BRUXELLES – Anche per l’auto la vera incognita è la Germania. Sergio Marchionne punta il dito contro Berlino nella conferenza stampa che conclude l’incontro a Bruxelles sul futuro dell’industria dell’auto. Nella sua veste di presidente dell’Acea, l’associazione dei costruttori europei di automobili, l’ad di Fiat attacca: «I tedeschi dicono che non hanno stabilimenti da chiudere ma credo che ce ne siano almeno un paio in bilico». 
Il nodo è sempre quello dell’eccesso di capacità  produttiva installata nei paesi del Vecchio continente. Anche in questo caso il tentativo di Berlino è quello di far pagare la crisi agli altri. Così la Germania si è sempre opposta al tentativo dell’Acea di varare un piano di incentivi alla ristrutturazione degli impianti su scala continentale: «Non chiediamo soldi né al governo italiano, che ha altre questioni da affrontare, né a quello europeo», dice Marchionne. Che aggiunge: «Chiediamo solo un piano che distribuisca i sacrifici rendendoli in questo modo più sopportabili a tutti i paesi». I tedeschi hanno sempre risposto che ognuno si deve risolvere il problema in casa sua e che in Germania non c’è sovracapacità . Cosa che è probabilmente vera per Volkswagen, Mercedes e Bmw ma non certo per Opel e Ford. «Se il sistema scioglie i suoi nodi e noi ci possiamo fidare, poi siamo velocissimi a operare», ha detto Marchionne giustificando in questo modo le titubanze dei costruttori, Fiat in testa, a lanciare nuovi modelli in Europa. Tra le incognite c’è l’esito delle elezioni greche ma anche «quel che si vuol fare. Le cose che ha detto Monti sul risanamento dell’Eurozona non sono state confermate da Merkel».
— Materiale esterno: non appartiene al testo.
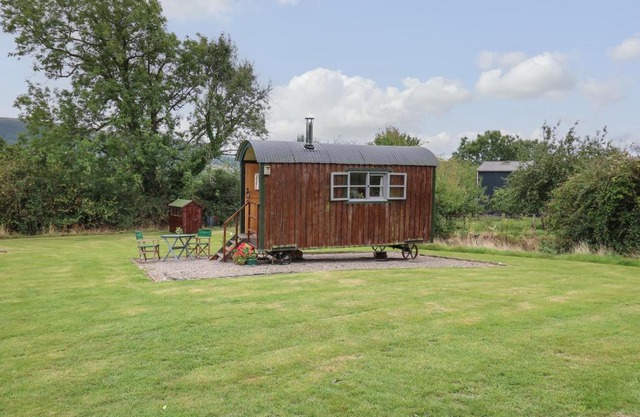 Brown Hare Shepherds Hut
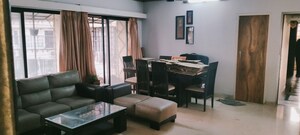 Living Room in 3 BHK Apartment at Upvan Tower, Malad East – for Sale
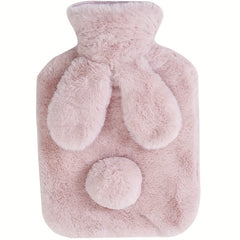 500ml Rabbit Plush Hot Water Bottle for Travel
Sul banco degli imputati i costruttori europei mettono anche gli accordi commerciali stipulati da Bruxelles con i paesi asiatici. Accordi come quello con la Corea, che penalizzano soprattutto i costruttori leader nel settore delle piccole e medie cilindrate mentre salvano gli altri, ancora una volta prevalentemente i tedeschi. Marchionne ha chiesto esplicitamente di ricontrattare l’accordo con Seul e di usarlo «come campanello d’allarme» nella trattativa analoga in corso in questi mesi tra Bruxelles e Tokyo: «Basta guardare quante automobili sono arrivate dalla Corea in Europa e quante hanno fatto il percorso inverso per capire chi ci ha guadagnato dall’accordo».
Alle critiche ha risposto, al termine dell’incontro, il commissario europeo ai Trasporti, Antonio Tajani che ha promesso «un piano dell’Ue in tre punti sull’industria dell’auto». Il piano dovrebbe riguardare la ricerca (con gli aiuti comunitari che passano da 1 a 1,5 miliardi in sei anni), l’abbattimento dei costi e l’accesso ai mercati extracomunitari.
Al termine della conferenza stampa con Tajani, Marchionne non ha perso occasione per un’ultima punzecchiatura alla Germania: «Dicono che gli ingegneri tedeschi siano i migliori e che per questo vendono tante automobili. Sarà , ma io vedo che in Formula Uno stanno vincendo gli italiani della Ferrari».